I can pour my heart and soul out in 140 characters or less. Or I can rant endlessly in a Facebook status. No matter what the emotion may be, Twitter and Facebook are always there for me. I feel a sense of relief once I hit send from my phone, or after I hit tweet when I’m online.

When it comes to my updates that are more personal and emotional than they are informative or professional, I do not care if my followers read or reply to those tweets. I just care that I was able to vent. With these sites I can express what I am feeling at any time during the 24 hour day, and because these sites are not human, I do not have to worry about being judged or being told that I am wrong.
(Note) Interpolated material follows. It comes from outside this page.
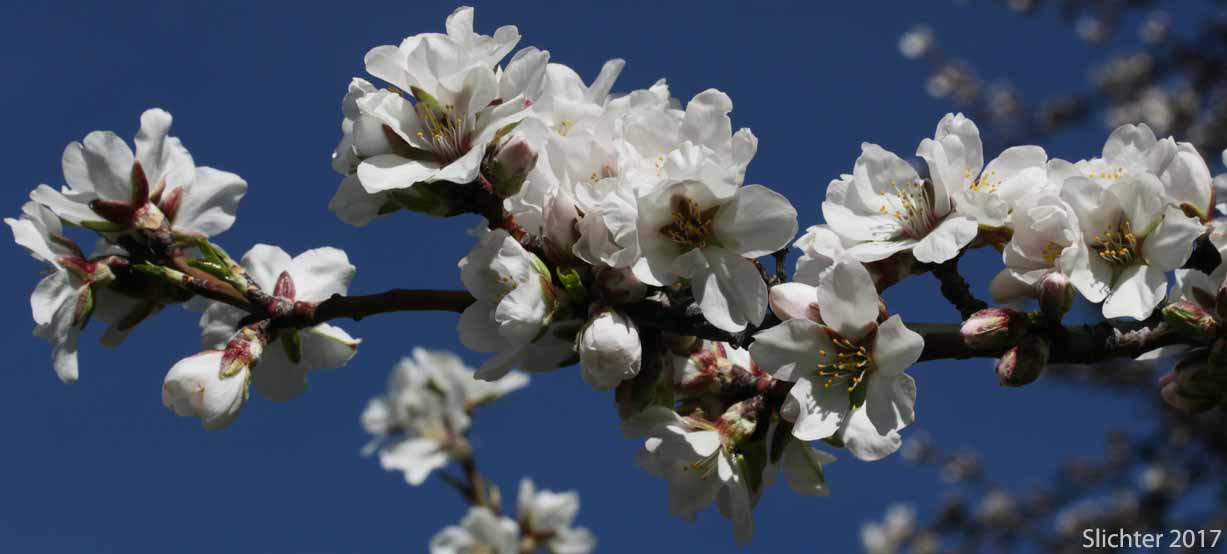Flowers of Sweet Almond: Prunus dulcis (Synonyms: Amygdalus communis, Amygdalus dulcis, Prunus amygdalus, Prunus communis, Prunus dulcis var. amara)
I told a friend about my withdrawal feeling, and she asked if I thought about starting to journal again. My response was no. I have become so used to typing out my thoughts and feelings, that journalling never really crossed my mind. It seems like it takes too much time and isn’t as efficient as using the Web.
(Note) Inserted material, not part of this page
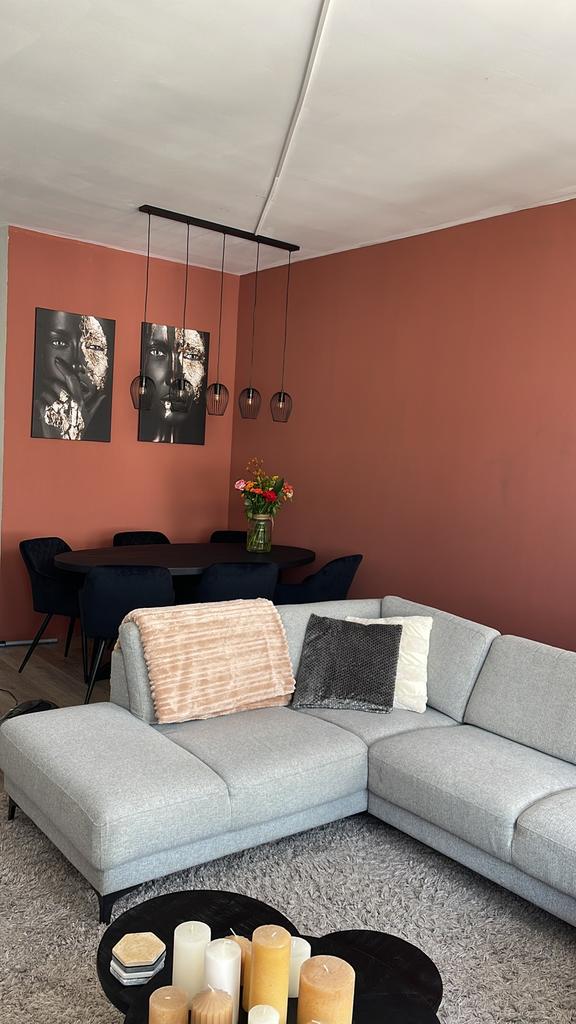Mooie hang lamp!, Huis en Inrichting, Lampen | Hanglampen, Ophalen, Zo goed als nieuw, Minder dan 50 cm
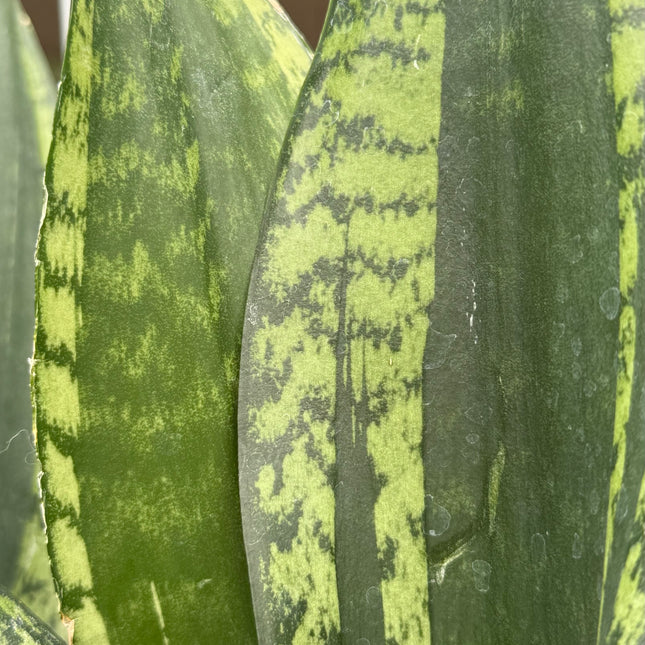 Dracaena ‘Silver Flame’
However, I think if I want to save myself some sanity, I will invest in a notebook to compose all of my urgent thoughts. Although I am sure that I will continue to struggle with this because I have to deal with my own thoughts, I also feel as though I will benefit from the discipline in the end.

I cannot say how much longer I will try to continue this pursuit, but I know for sure that I will keep you updated and let you know the final outcome of my sanity once the end of this journey and I meet.

1 comment about "Taking Self-Disciplinary Action".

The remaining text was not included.